To study Nature it is not necessary to go out into the fields and botanize, nor to attempt to make water colours of picturesque scenery. These things are very well, but not so profitable to your particular purpose as observation directed toward the discovery of the laws which underlie and determine form and structure, such as the tracing of the spiral line, not alone where it is obvious, as in the snail's shell and in the ram's horn, but where it appears obscurely, as in the disposition of leaves or twigs upon a parent stem. Such laws of nature are equally laws of art, for art is nature carried to a higher power by reason of its passage through a human consciousness. Thought and emotion tend to crystallize into forms of beauty as inevitably, and according to the same laws, as does the frost on the window pane. Art, in one of its aspects, is the weaving of a pattern, the communication of an order and a method to lines, forms, colors, sounds. All very poetical, and possibly true, you may be saying to yourselves, but what has it to do with architecture, which nowadays, at least, is pre-eminently a practical and utilitarian art whose highest mission is to fulfil definite conditions in an economical and admirable way; whose supreme excellence is fitness, appropriateness, the perfect adaptation of means to ends, and the apt expression of both means and ends? Yes, architecture is all of this, but this is not all of architecture; else the most efficient engineer would be the most admirable architect, which does not happen to be the case. Along with the expression of the concrete and individual must go the expression of the abstract and universal; the two can be combined in a single building in the same way that in every human countenance are combined a racial or temperamental type, which is universal, and a character, which is individual. The expression of any sort of cosmic truth, of universal harmony and rhythm, is the quality which our architecture most conspicuously lacks. Failing to find the cosmic truth within ourselves, failing to vibrate to the universal harmony and rhythm, our architecture is—well, what it is, for only that which is native to our living spirit can we show forth in the work of our hands.

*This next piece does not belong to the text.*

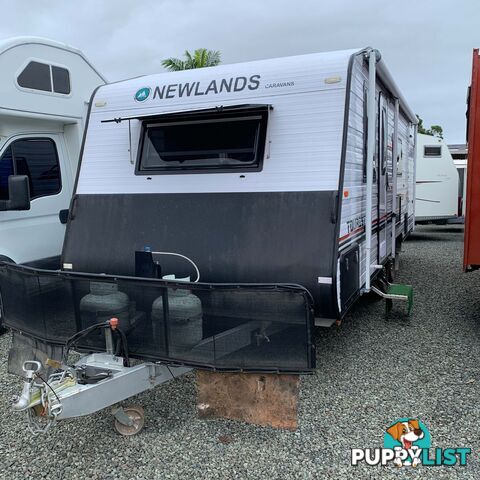 (On-Site) Newlands Tourister 3-Bunk Family Van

Your work will be, in the last analysis, what you yourselves are. Let no sophistry blind you to the truth of that. There are rhythms in the world of space which we find only in the architecture of the past, and enamoured of their beauty we repeat them over and over (off the key for the most part), on the principle that all the songs have been sung; or we just make a noise, on the principle that noise is all there is to architecture anyway. It is not so. Those systems of spatial rhythms which we call Egyptian, Classic, Gothic, Renaissance architecture and the rest, are records all of the living human spirit energizing in the stubborn matter of the physical plane with joy, with conviction, with mastery. When that undying spirit awakes again in you, stirred into consciousness by meditation, which is its prayer; by music, which is its praise; by the contemplation of that fair form which is its temple; and by communion with nature, which is its looking-glass; you will experience again that ancient joy, hold again that firm conviction, and exercise again that mastery to transfuse the granite and iron heart of the hills into patterns unlike any that the hand of man has made before.

[Footnote 1: An address delivered before the Boston Architectural Club in April, 1909.]